» **Work item**:
Write out the data word for word, taking care that no picture is carried over.

» **Dataset excerpts**:

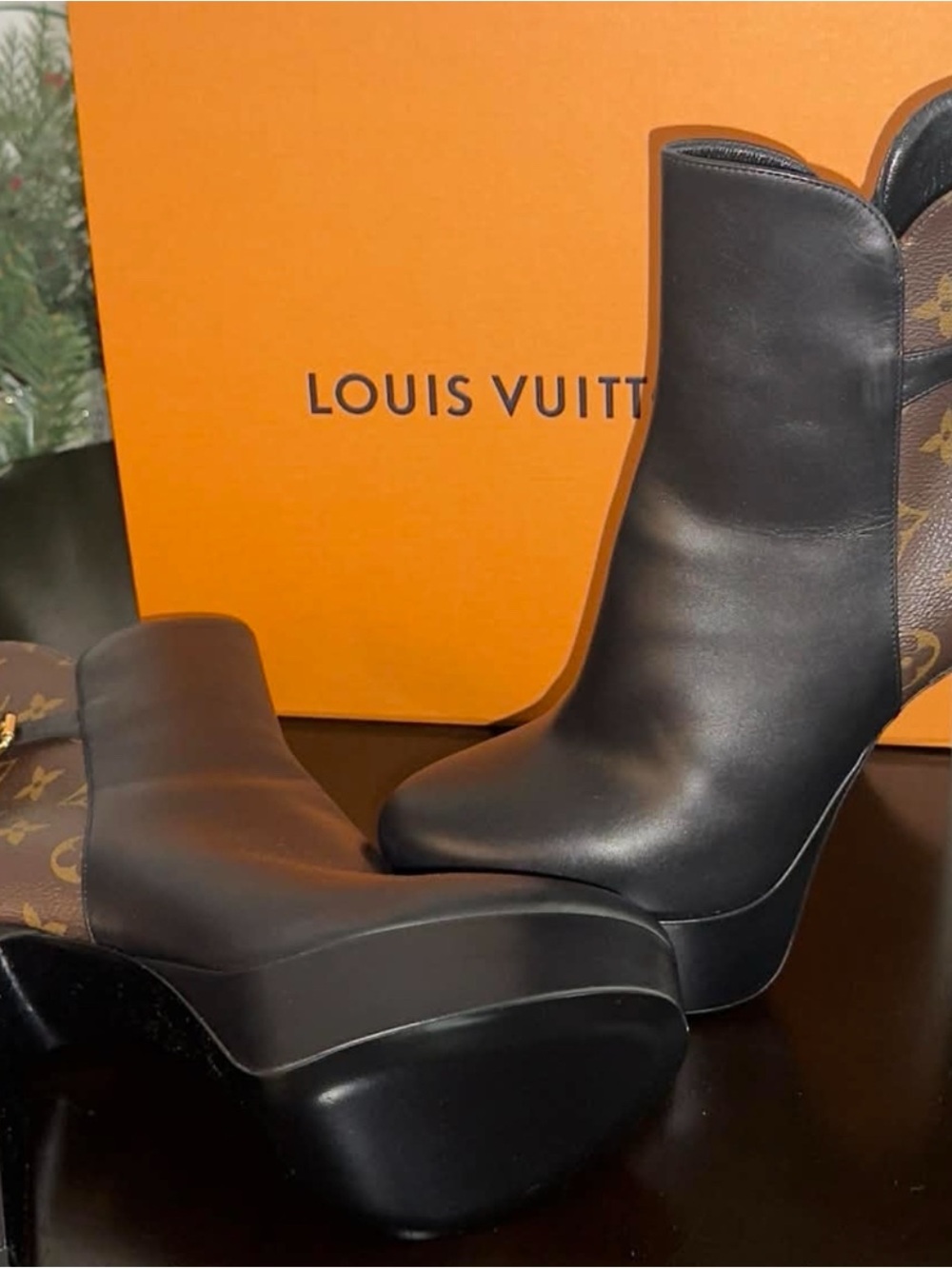 Louis Vuitton Black Leather Platform Ankle Boots with Monogram Panel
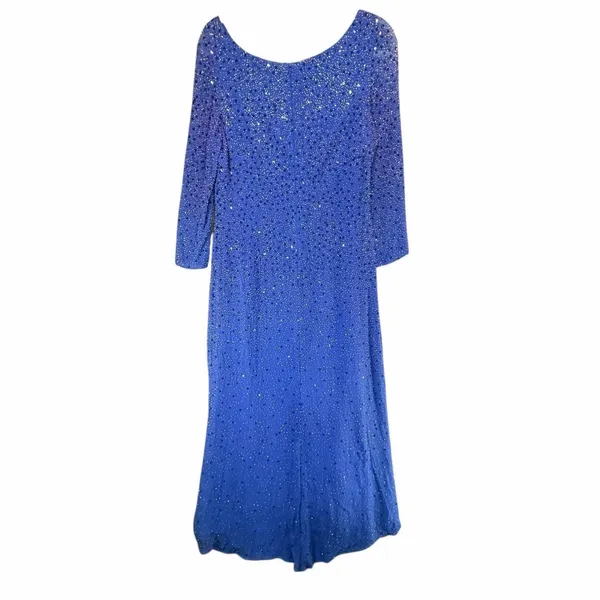 Mon Cheri Vintage Embellished Evening Gown Blue Size 12 Formal Dress‎ Wedding - Image 7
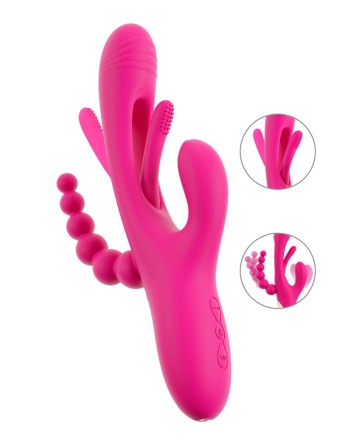 Triple vibro avec langue oscillante - Sweet Smile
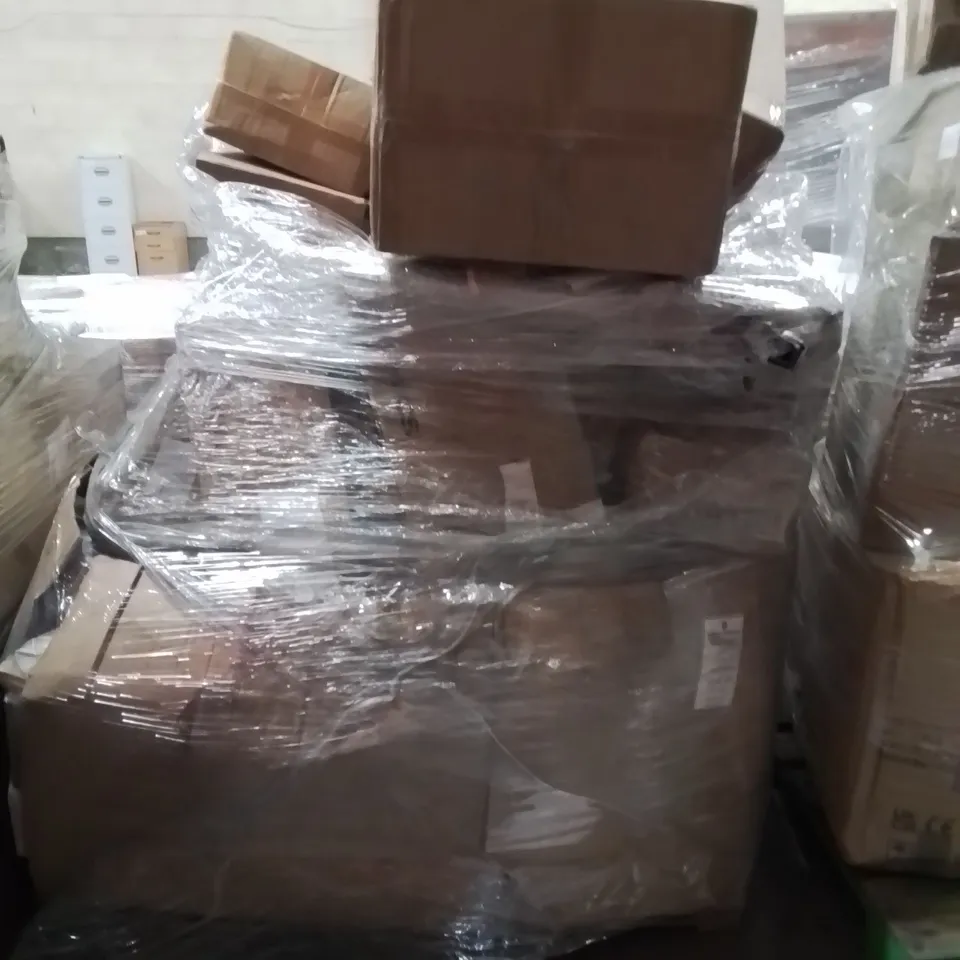 PALLET OF ASSORTED HOUSEHOLD GOODS AND PRODUCTS TO INCLUDE;CAT TREE,WALL CABINET,METAL STORAGE RACK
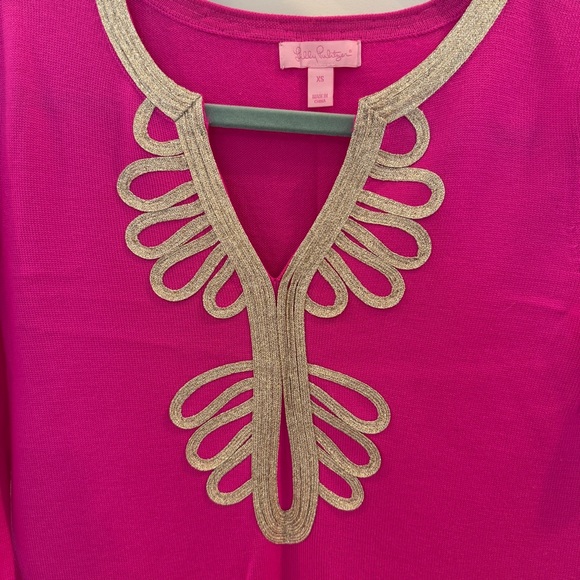 Lilly Pulitzer Pink Midi Dress with Gold Accents - Picture 3 of 6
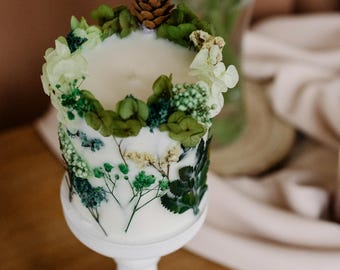 Botanical Dried flower candle, pressed flowers candle, Birthday gift for her, Christmas candles, Housewarming gift, Best friend gift candle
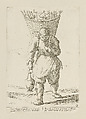 Man Carrying Bread in a Basket, from Di Bologna l'Arti per via D'An.ibal' Ca.rac, plate 35, Giuseppe Maria Mitelli  Italian, Etching; first state of three (Bertarelli)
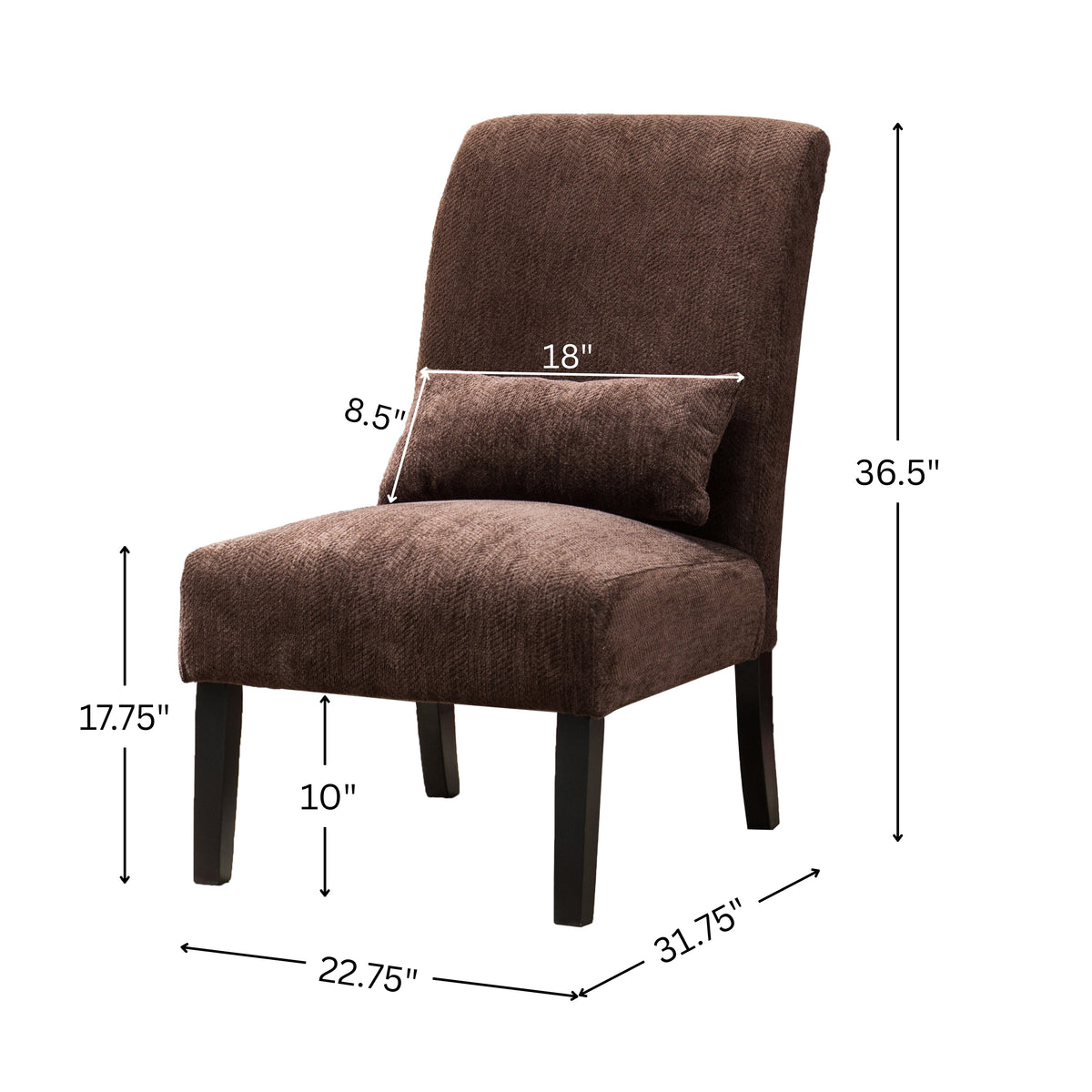 Pisano Chocolate chenille Fabric Armless Contemporary Accent Chair with Pillow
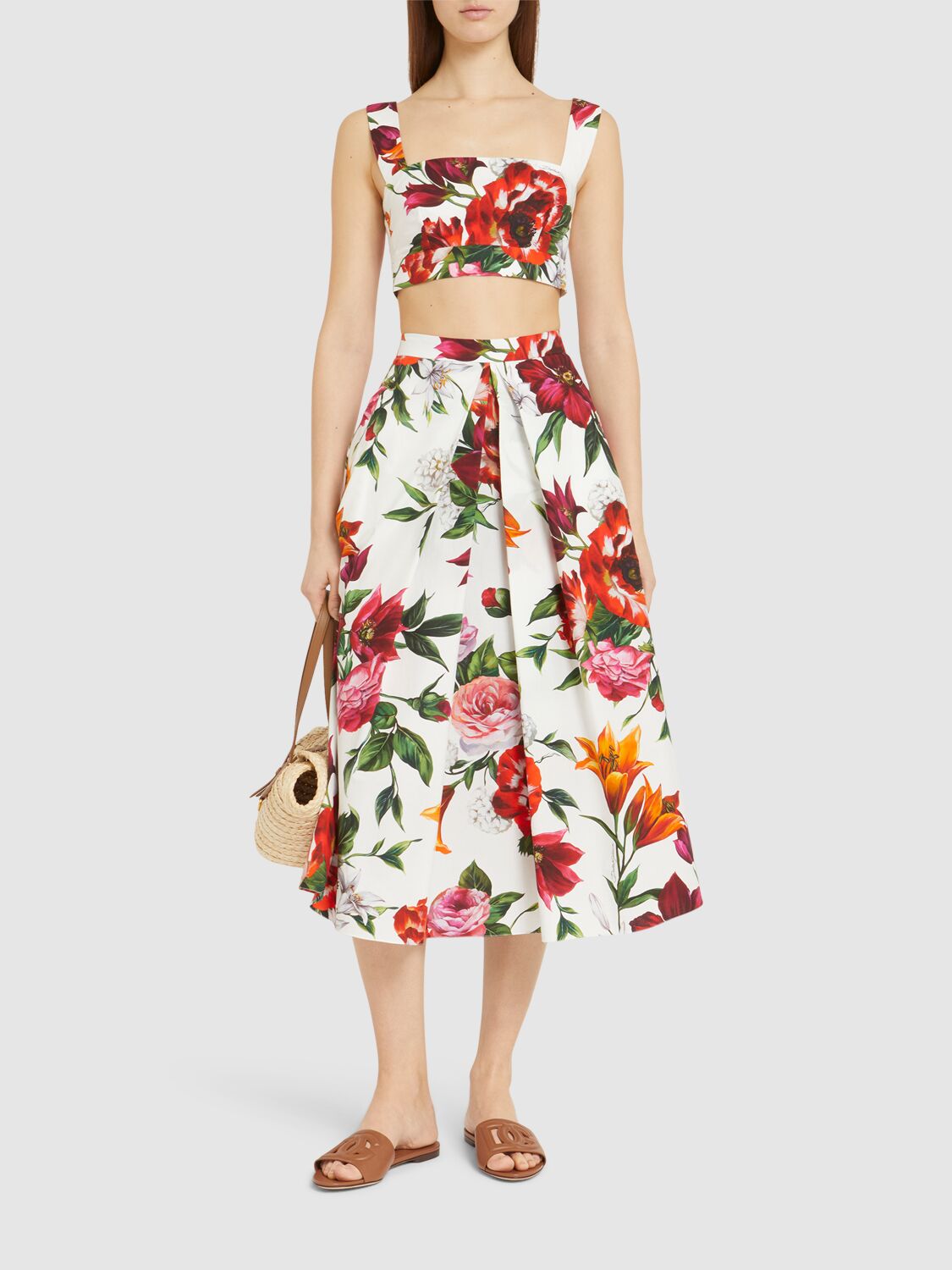 Dolce & Gabbana Multicolor Croped Top With Square Neck And All-over Floral Design In Cotton Woman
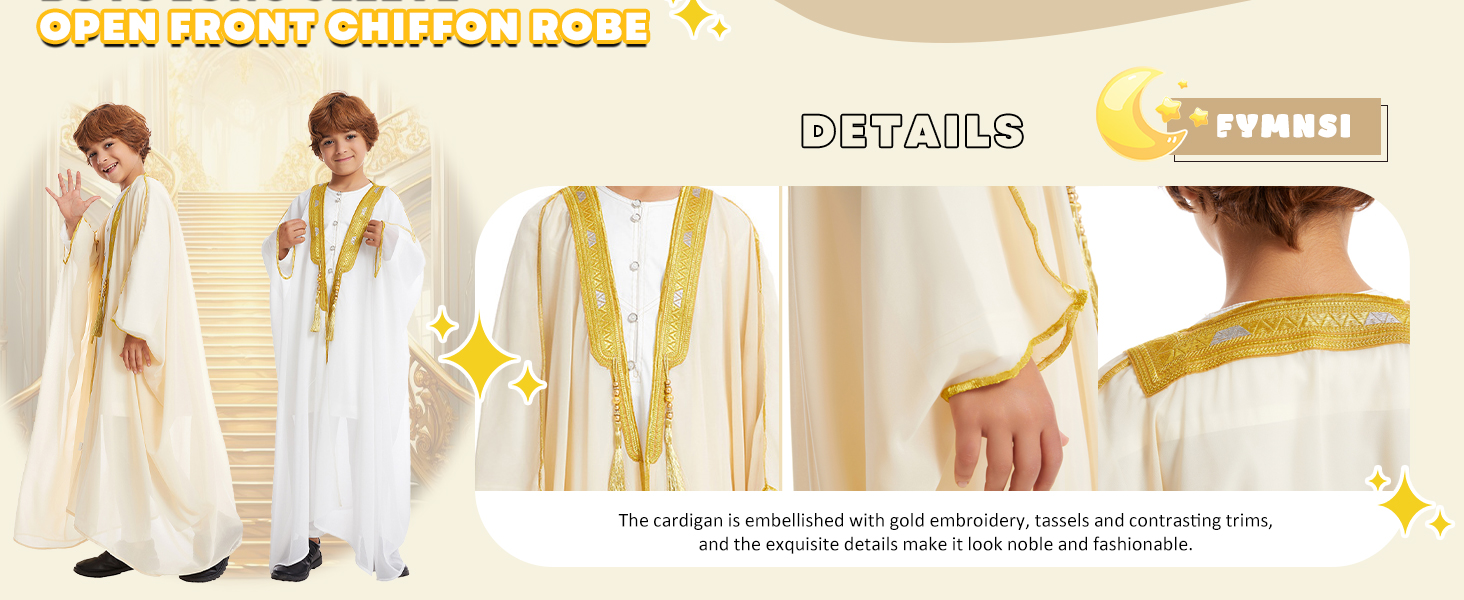 Boys Robe Islamic Muslim Clothes Kimono Loose Abaya Embroidered Chiffon Kaftan Cardigan Dubai Thobe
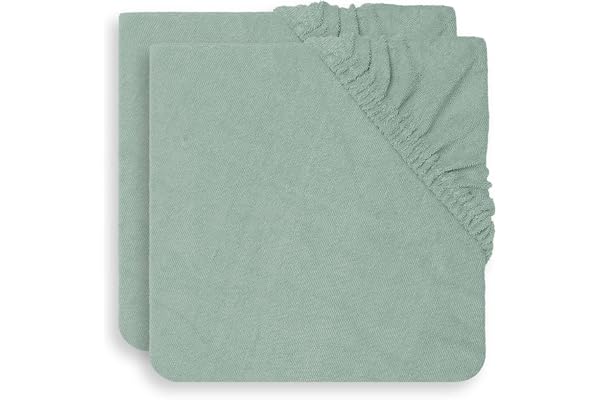 Jollein Housse de Matelas à Langer en Tissu Éponge 2-Pièces, 50 cm Longueur x 70 cm Largeur, Vert Cendré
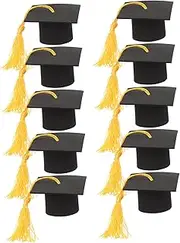 VALICLUD 10Pcs Mini Graduation Caps Decor for Cake Topper Lightweight Graduation Hat Ornaments for Graduation Party Decorations Space Saving Design for Creative Cake Crafts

» **Solution for this exercise**:
 Louis Vuitton Black Leather Platform Ankle Boots with Monogram Panel
 Mon Cheri Vintage Embellished Evening Gown Blue Size 12 Formal Dress‎ Wedding - Image 7
 Triple vibro avec langue oscillante - Sweet Smile
 PALLET OF ASSORTED HOUSEHOLD GOODS AND PRODUCTS TO INCLUDE;CAT TREE,WALL CABINET,METAL STORAGE RACK
 Lilly Pulitzer Pink Midi Dress with Gold Accents - Picture 3 of 6
 Botanical Dried flower candle, pressed flowers candle, Birthday gift for her, Christmas candles, Housewarming gift, Best friend gift candle
 Man Carrying Bread in a Basket, from Di Bologna l'Arti per via D'An.ibal' Ca.rac, plate 35, Giuseppe Maria Mitelli  Italian, Etching; first state of three (Bertarelli)
 Pisano Chocolate chenille Fabric Armless Contemporary Accent Chair with Pillow
 Dolce & Gabbana Multicolor Croped Top With Square Neck And All-over Floral Design In Cotton Woman
 Boys Robe Islamic Muslim Clothes Kimono Loose Abaya Embroidered Chiffon Kaftan Cardigan Dubai Thobe
 Jollein Housse de Matelas à Langer en Tissu Éponge 2-Pièces, 50 cm Longueur x 70 cm Largeur, Vert Cendré
 VALICLUD 10Pcs Mini Graduation Caps Decor for Cake Topper Lightweight Graduation Hat Ornaments for Graduation Party Decorations Space Saving Design for Creative Cake Crafts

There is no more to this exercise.